Locality-Sensitive Hashing (LSH)

LevelAdvanced

Duration90 mins

TopicK-Nearest Neighbors

2 / 6

LSH for Cosine Similarity

The Angle Between Vectors

Cosine similarity between vectors $\mathbf{u}$ and $\mathbf{v}$ is defined as:

$$\text{cos}(\mathbf{u}, \mathbf{v}) = \frac{\mathbf{u} \cdot \mathbf{v}}{|\mathbf{u}| |\mathbf{v}|}$$

This is simply the cosine of the angle $\theta$ between the vectors. Parallel vectors have similarity 1, orthogonal vectors have similarity 0, and anti-parallel vectors have similarity -1.

But how do we build a locality-sensitive hash function for the angle between vectors?
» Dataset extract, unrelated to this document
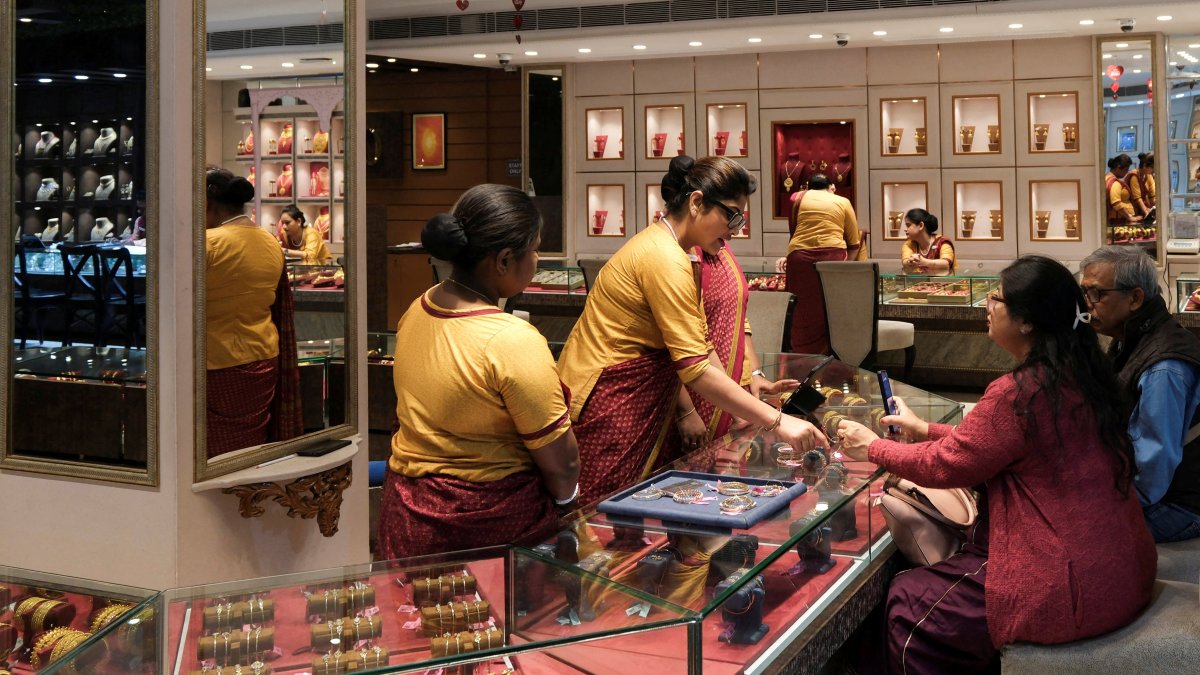 Salespeople show gold ornaments and jewelry to customers for purchase inside a showroom in Kolkata, India, Jan. 28, 2026. (Reuters Photo)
The answer is beautifully geometric: random hyperplanes.

What You Will Learn

Geometric Intuition: Hyperplanes as Hash Functions

A hyperplane through the origin can be defined by its normal vector $\mathbf{r}$. Every point $\mathbf{x}$ in space can be classified based on which side of the hyperplane it lies:

$$h_{\mathbf{r}}(\mathbf{x}) = \begin{cases} 1 & \text{if } \mathbf{r} \cdot \mathbf{x} \geq 0 \ 0 & \text{if } \mathbf{r} \cdot \mathbf{x} < 0 \end{cases}$$

This is our hash function. It outputs a single bit based on which half-space the point occupies.

The Key Insight:

The hyperplane separates $\mathbf{u}$ and $\mathbf{v}$ if and only if it passes through the angle $\theta$ between them. The probability of this is exactly:

$$\Pr[h_{\mathbf{r}}(\mathbf{u}) \neq h_{\mathbf{r}}(\mathbf{v})] = \frac{\theta}{\pi}$$

And therefore, the collision probability is:

$$\Pr[h_{\mathbf{r}}(\mathbf{u}) = h_{\mathbf{r}}(\mathbf{v})] = 1 - \frac{\theta}{\pi}$$

The Geometric Picture

Why does this work for any dimension?

The beautiful fact is that this probability depends only on the angle $\theta$, not on the dimensionality $d$. Here's why:

The vectors $\mathbf{u}$ and $\mathbf{v}$ span a 2D plane (unless they're parallel)
The random hyperplane is determined by its normal vector $\mathbf{r}$
The relevant question is: does the projection of $\mathbf{r}$ onto the 2D plane of $\mathbf{u}$ and $\mathbf{v}$ lie in the angle $\theta$ or its complement?
By symmetry of the random normal, this projection is uniformly distributed
Therefore, the separation probability is $\theta / \pi$

This dimensional independence is what makes random hyperplane LSH so powerful—it works efficiently regardless of whether your vectors are 10-dimensional or 10,000-dimensional.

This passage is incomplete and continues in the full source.